The rate of decline in construction costs in Saudi Arabia is set to ease next year, according to figures from real estate firm Colliers.
Building costs have been on the decline in the kingdom due to the crash in oil prices and the subsequent slowdown in the Saudi construction industry.
Average construction costs fell by 3.1% in 2015, and a further 11.5% this year, Colliers said.
But that rate is expected to slow, with average construction costs falling by 3.9% next year, the firm forecasts in its KSA Construction Cost Benchmarking and Forecasting update.
The slowdown in the market and fall in construction costs has brought down Saudi contractors’ profit margins – something Colliers expects to continue in the short term.
“Contractors’ profit and overhead pricing plummeted throughout 2016, in some cases to negative margins,” it said.

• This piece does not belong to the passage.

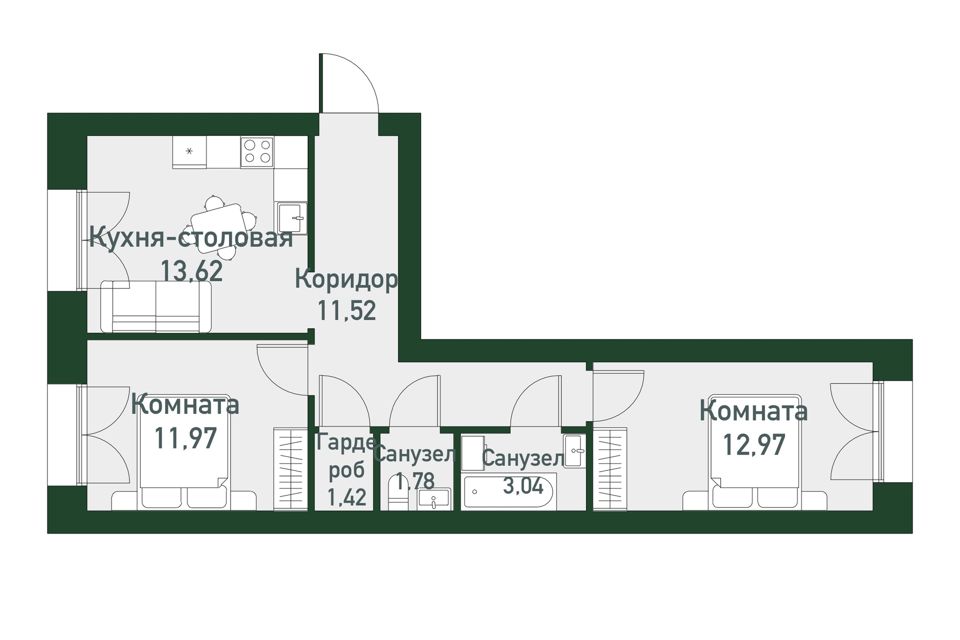 Купить двухкомнатную квартиру 54.29м² Свердловская область, Екатеринбург, мкр. А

“Strong competition will continue due to extensive cuts in capital expenditure, thereby forcing continued downward pressure on contractors’ margins.”
Colliers said the price of some construction materials fell in 2016, with rebar prices down 13% and concrete down 3%, although cement prices have “remained stable”.
Construction material costs are however expected to rise.
“As global construction related commodity pricing creeps up in 2017, this will affect the pricing of copper, aluminum and steel,” it said.
“Subsidy cuts will be further passed onto increase material costs, which are manufactured within the GCC.”